[[ Material to process open ]]
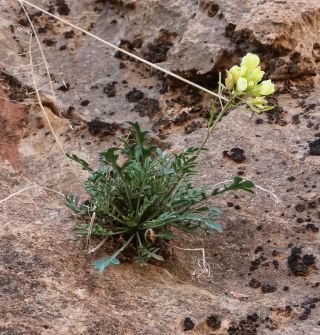 Brassica repanda (Willd.) DC. [16/21]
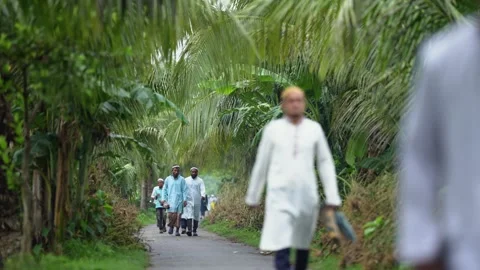 View of people walking on a path lined with palm trees, Bangladesh. Video stock 334991733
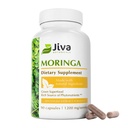 Jiva Botanicals Moringa Φύλλα Εκχύλισμα κάψουλες - Κατασκευασμένες από Moringa Leaf σκόνη και Oleifera συμπλήρωμα για ανοσοποιητική και κανονική κοινή υποστήριξη - 90 κάψουλες (πακέτο του 1)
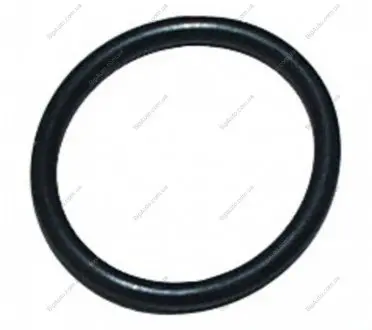 Прокладка маслозливної пробки Astra F/G/H/J/Vectra B (18мм) JP GROUP 1213850300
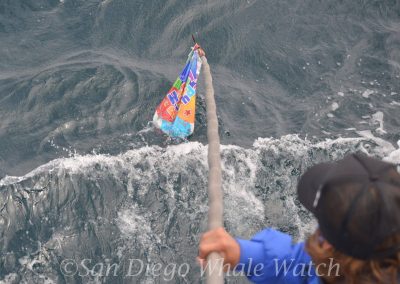 DSC 0827 1 scaled | San Diego Whale Watch 1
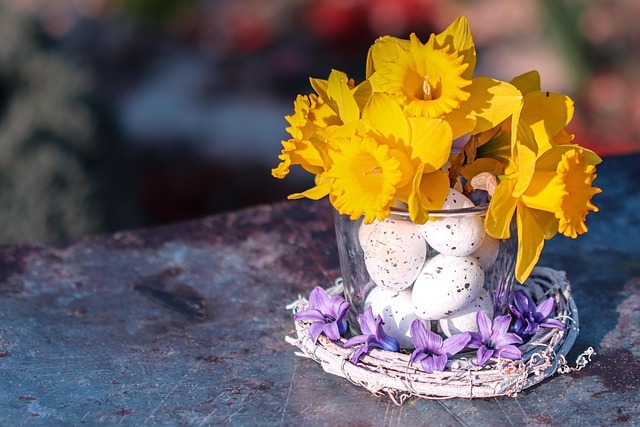 daffodils with eggs in vase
[[ Material to process closed ]]
Work order:
Please give the data above again in exact form and omit every picture.

Answer for the task:
 Brassica repanda (Willd.) DC. [16/21]
 View of people walking on a path lined with palm trees, Bangladesh. Video stock 334991733
 Jiva Botanicals Moringa Φύλλα Εκχύλισμα κάψουλες - Κατασκευασμένες από Moringa Leaf σκόνη και Oleifera συμπλήρωμα για ανοσοποιητική και κανονική κοινή υποστήριξη - 90 κάψουλες (πακέτο του 1)
 Прокладка маслозливної пробки Astra F/G/H/J/Vectra B (18мм) JP GROUP 1213850300
 DSC 0827 1 scaled | San Diego Whale Watch 1
 daffodils with eggs in vase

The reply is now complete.